Fifteen musketeers are all for one and one for all
Jim Gavin’s biggest problem is who to leave on the bench in the final, says Colm O’Rourke
The usual suspects were not quite as brilliant as usual
THE tone of the game was set from before the first whistle. At the start of this game Eoghan Kerin, the Galway corner back, was giving Paul Mannion a bit of a rough time. He might as well have been battering Stone Cold Steve Austin, the big name of WWF from the past. It only served to annoy Mannion who went on to score four points and give another selfless performance. He typified the Dublin team; all for one and one for all.
They are the 15 musketeers with a lot of help coming from the bench. Imagine being a Galway back, doing fairly well on your man and then seeing Kevin McManamon or Paul Flynn coming on. Or worse still, Cormac Costello, who looks in rude health, another one of these impact subs who probably hates the title and will feel he should start in the final.
Who to leave off is Jim Gavin’s problem. Few managers have ever had such a quandary going into an All-Ireland final. Not alone has he all the main men from previous years, but Brian Howard is a massive addition.
Up to yesterday the same could be said for Eoin Murchan, who has done a remarkable man-marking job on top players up to now, but he looked at times like a little boy lost and Ian Burke was making hay on him in the first half. When Mick Fitzsimons took over the man marking duties in the second half, Burke’s influence waned, but he could be excused on the basis that the supply also dried up.

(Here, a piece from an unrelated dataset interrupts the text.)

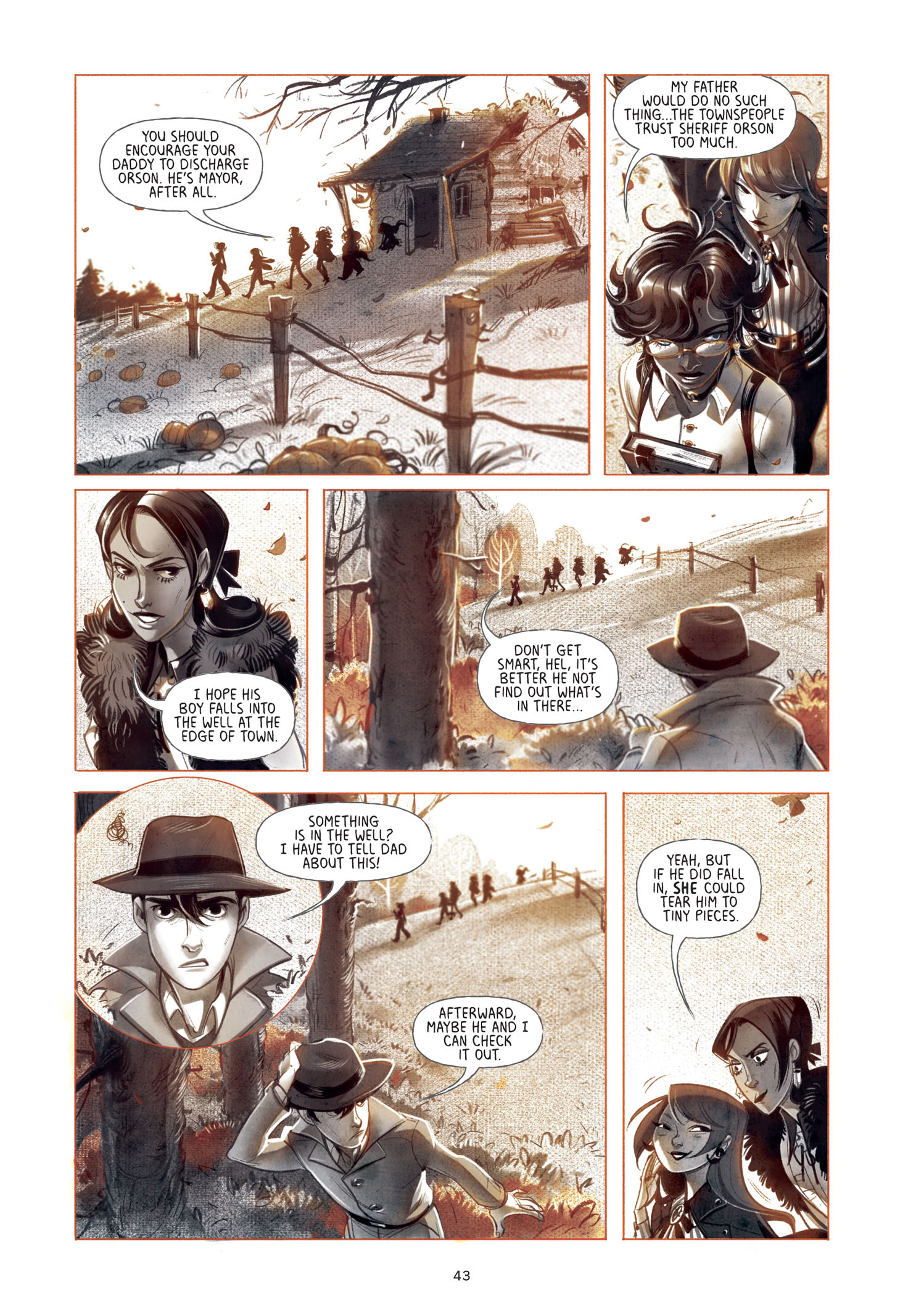 Read online Grimoire Noir comic -  Issue # TPB (Part 1) - 48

Galway needed to be in front early and hope to survive the second half onslaught. They had chances, and a few more long balls into Burke and Damien Comer in the full forward line could have reaped rich dividends. Dublin did not seem overly concerned about defence, Philly McMahon often took to wandering upfield, and there were one-on-ones in the full forward line.
Yet the ball in was slow and in the second half, when Galway kicked long there were a few extra defenders. Galway could have had a couple more goals in the first half, Stephen Cluxton was down smartly but Eamonn Brannigan’s penalty was a bit close. On another occasion a short kick-out was spilled, again Cluxton was alert and his kick-outs were as accurate and composed as ever.

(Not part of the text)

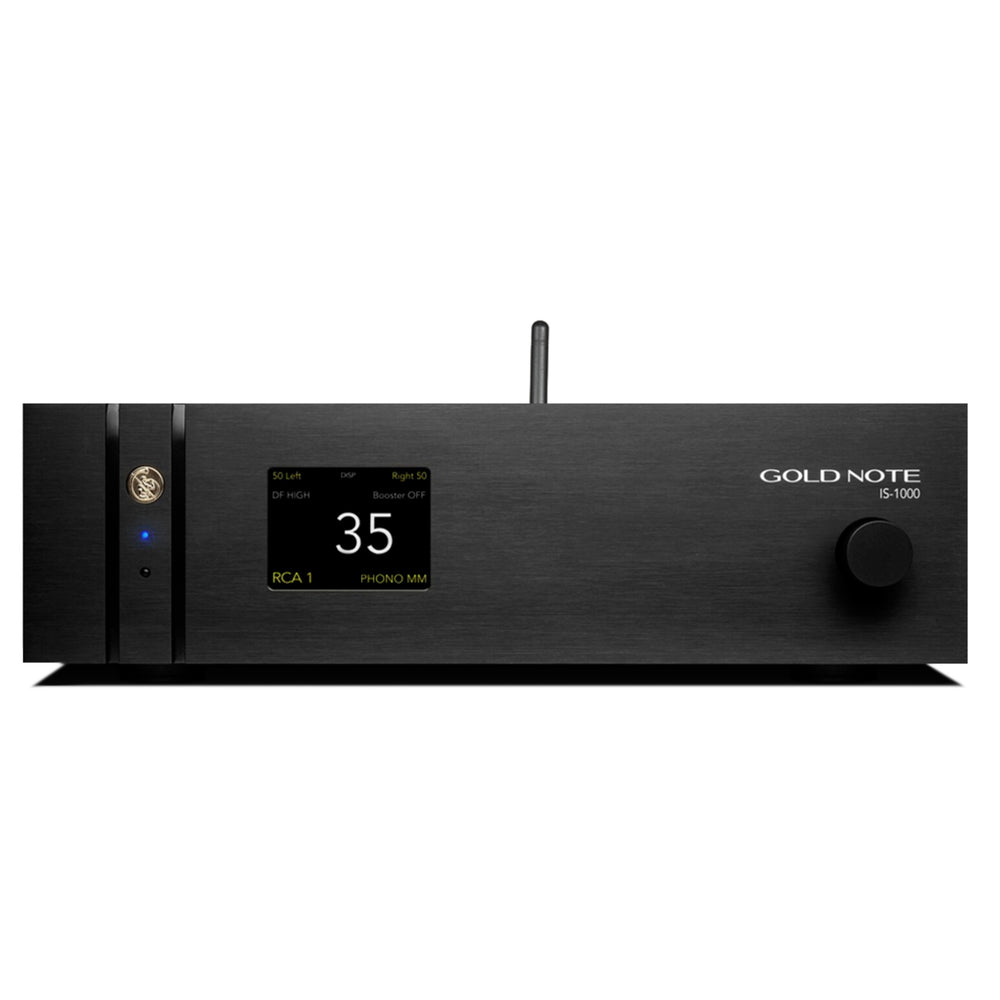 Gold Note IS-1000MkII Deluxe Integrated Amplifier Black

For much of the game Dublin looked as if they were playing well within themselves and at the end they did not look as if they had a hard championship match. The faces of the team did not show the scars of battle: no sunken eyes, no great sweat on a warm evening. It could have been a leisurely kick around such is their level of fitness, power and sheer football ability.
Con O’Callaghan was back to his best form too after a series of games when things were not going well for him. Yet it was also obvious that a player like him would come good on the big day as his workrate and sheer effort is second to none. It was only a matter of time before the small things would drop into place and he was back scoring again.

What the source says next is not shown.